Atritos entre os dois presidentes ao longo do governo Jair Bolsonaro (PL) fizeram com que a porta caísse em desuso. Ao final do mandato, Alcolumbre deixou a fechadura entre as duas casas não só trancada, mas também soldada. Depois dos quatro anos em que Lira e Pacheco ficaram à frente do Legislativo, a porta foi reaberta por Alcolumbre neste ano para facilitar o contato com Motta.
Integrantes do Congresso e dirigentes partidários apontam a derrota no IOF como a principal demonstração de força do novo comando das Casas, agora unido. De acordo com relatos, a iniciativa para a derrubada do decreto partiu de Motta, após conversa com poucos aliados. Quando relatou sua intenção a um deles, foi alertado para discutir o tema com Alcolumbre.
Da parte da Câmara, há insatisfação com a lentidão no pagamento de emendas e com o que veem como uma tentativa do governo de desgastar o Legislativo a partir do discurso de que parlamentares não colaboram com as contas públicas.
O presidente do Senado vem pedindo a demissão de Silveira há meses, mas a derrota do governo foi entendida como a mais aguda demonstração de força de Alcolumbre diante da demanda.
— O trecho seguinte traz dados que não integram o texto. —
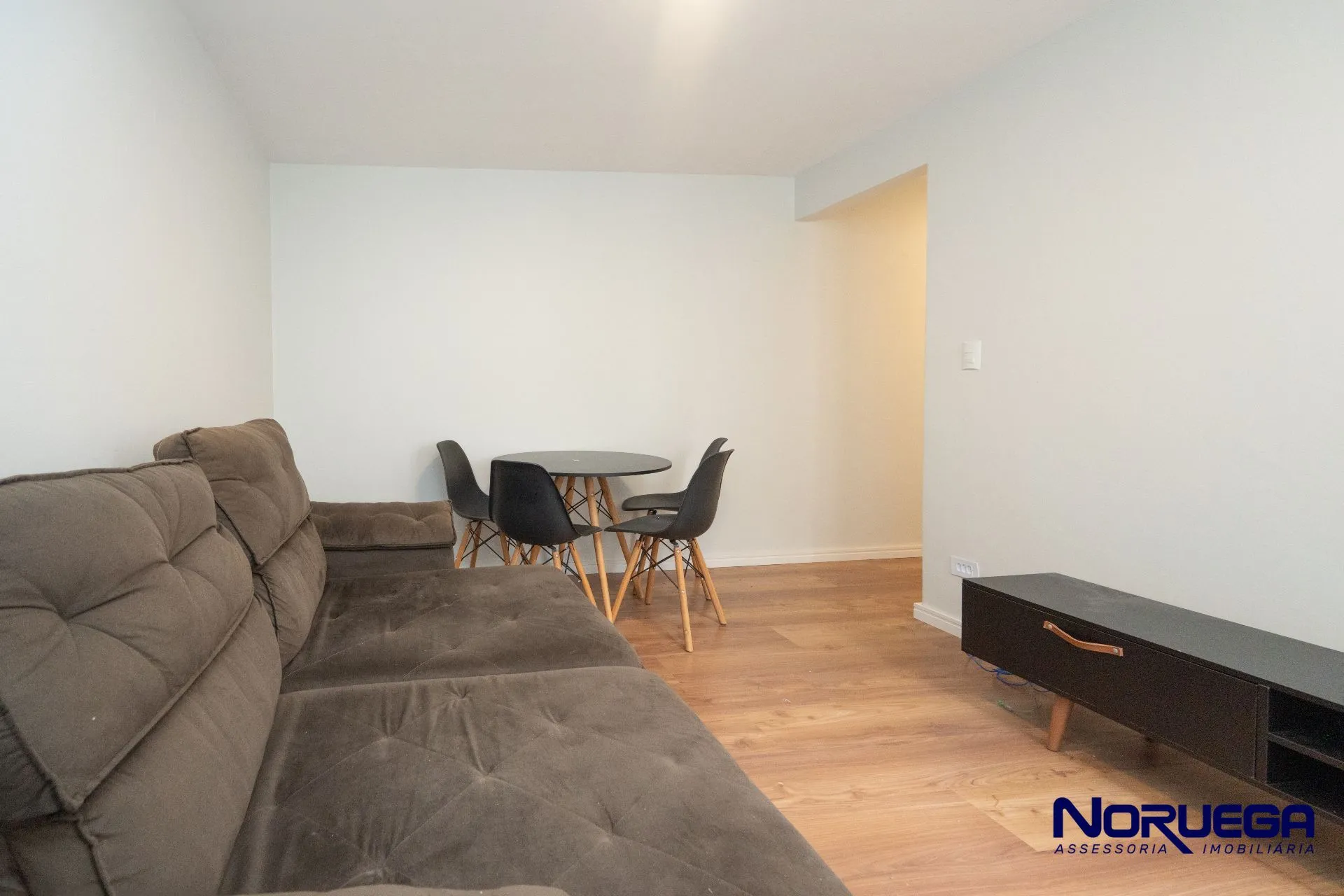 3-bedroom apartment with a washing machine in Curitiba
Alcolumbre reclamou a senadores mais próximos que o Congresso estava levando a culpa sozinho pelo esperado aumento na conta de luz, enquanto o governo saía com a imagem de salvador, ao articular uma medida para tentar reduzir o impacto no bolso dos brasileiros.
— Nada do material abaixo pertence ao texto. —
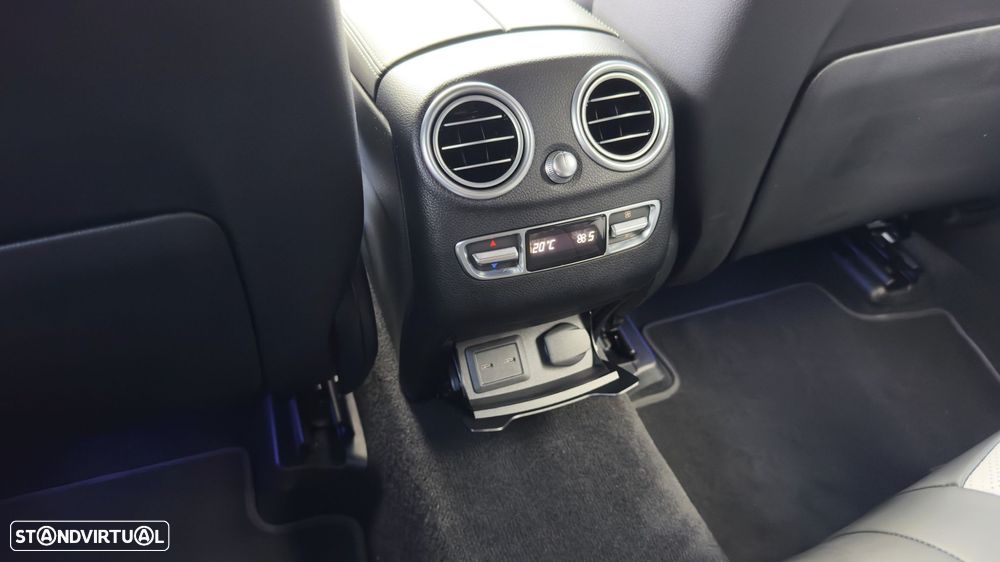 Mercedes-Benz EQC 400 4Matic AMG Line - 34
Sobre o IOF, parlamentares afirmam que, apesar de a derrubada ter partido de Motta, tratou-se de uma iniciativa conjunta e que, se Alcolumbre não estivesse tão insatisfeito com o Executivo, o presidente da Câmara não teria ido adiante.
O presidente da Casa encaminhou a publicação para o grupo de WhatsApp de líderes. Ouviu protestos e pedidos de políticos da base aliada para discutir o tema em reunião, mas ignorou as demandas.
O projeto do IOF foi aprovado com folga pelos deputados federais às 19h28, enquanto os senadores votavam o aumento no número de deputados federais. Às 20h04, Alcolumbre abriu a votação da derrubada do IOF.
“Reconhecendo o papel das lideranças do Senado, que compreenderam a importância de nós deliberarmos simbolicamente este decreto, mesmo sabendo que é, sim, uma derrota para o governo, mas foi construída a várias mãos, porque a Câmara deu uma votação expressiva, o Senado, num acordo, daria também uma votação expressiva”, disse.
Durante os dois anos em que lidou com Lira e Pacheco, Lula só testemunhou alguma “solidariedade” entre os dois presidentes na defesa de emendas parlamentares ou na votação de projetos que eram de interesse do próprio governo federal, como o pacote de corte de gastos.
No fim de 2023, após uma rápida troca de elogios na promulgação da reforma tributária, Pacheco disse que ele e Lira não tinham nenhum problema pessoal, mas emendou: “Não pode haver uma cumplicidade absoluta entre os presidentes das Casas porque isso diminui o Parlamento”.